# Forum Home Renovation Doors, Windows, Architraves & Skirts  Continually rusted windows

## Tiger

These windows were given the full rust treatment ie sanded back, primed etc but in just a few years the rust is back. The quality paint applied has not had any impact on the windows. Can anyone shed some light on why this is happening? Any advice on what to do from here would be much appreciated.

----------


## intertd6

How close is the ocean or large body of salt water? what paint system was used? if the system didn't include a zinc rich base coat then this is bound to happen sooner than later.
regards inter

----------


## Tiger

Hi there inter, the treatment used was a 3 part system, first was a rust killer/neutraliser, second was a grey primer/undercoat and then top coat. We are at least 20 km from the beach and there are no pools of water nearby. I don't know whether zinc was part of the system we used.

----------


## Uncle Bob

Maybe there's a chemical/electrolysis reaction taking place and speeding up the rusting?

----------


## Bloss

For rust to form it needs the metal + water + oxygen. The treatment might well have been OK, but unless water (looks like a condensation problem to me on the inside) is prevented from re contacting the steel window and air also excluded the  it will recur - as it has done. Most likely the water has been able to go down the face of the glass and behind/ under the paint.

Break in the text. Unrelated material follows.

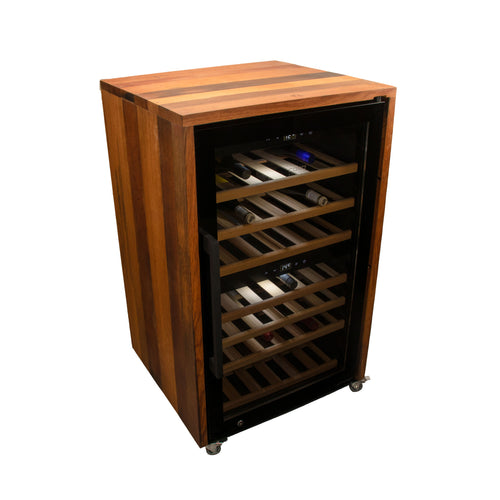 Der CASO WineExclusive 66 Smart 2-Zonen Weinkühlschrank ist ein eleganter schwarzer Weinkühlschrank mit Fassholzgehäuse und Glastür, der über mehrere Holzregale zur Lagerung von Weinflaschen verfügt. Das elegante Design ruht auf vier kleinen Rädern und kombiniert helle und dunkle Holztöne. Für eine verbesserte Benutzerfreundlichkeit ist er bequem per APP steuerbar.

My guess is that there is a fair chance, with the age of the windows, whatever is holding the glass in place is no longer flexible and probably not waterproof either and probably was not when the frame was treated for rust - ie: the treatment was of the visible rust and the glass was left in place when the treatment was done. And although too late now, action should have been taken at the first sign of rust recurring, not when it has progressed to the current stage. 
Likewise the hinges might have been treated as best they could be, but they are not able to be dismantled so the rust inside the joints would have remained and simply re-appeared as more moisture made its way back in - it is messy and smelly, but regular and consistent use of lubricants and water repellents such as WD40 & RP7 etc are effective on hinges - spraying on liberally then wiping off of excess with tissues/ cloth. 
The treatment could be repeated with the same result ie: it would be OK for another few years, but I think would be effective long term only if the glass was removed and the channel and whole frame was treated and re-coated. That's a lot of work and the outcome will still be very old, poor condition, steel framed windows. There comes a time where things have to be replaced - and that time might be here for those windows - a costly option, but unless you are able to DIY the work it is the best one IMO. 
BTW - I've never been a fan of steel framed windows and especially in coastal cities as most were not galvanised, but simply primed and the hinges rusted within a couple of years as did joints etc. Doesn't have to be right on  coast (although high salt makes it worse), but all the East coast cities all have high humidity so uncoated steel is a poor choice. These were a low cost choice post WW2 and before aluminium frames became widely available in the 60s.

----------


## Tiger

Thanks Bloss, you may well be right about the condensation but I'm not sure about how to deal with it. We keep the windows open as much as possible to encourage airflow, if anyone else has had the problem of condensation and been able to beat it, please let me know. 
As far as replacement windows go, what choices are available that would work with a red brick house and I should mention that these are not the only steel framed windows we have so we'd need to replace 3 sets of these. Would like something not too pricey and something that I could possibly install myself.

----------


## intertd6

When you said the full rust treatment I took that as glass removed & all surfaces treated, what you have done is only half of what needed to be done, if there is still enough metal left you can still do that & have a frame that should be good for many years of service.
regards inter

----------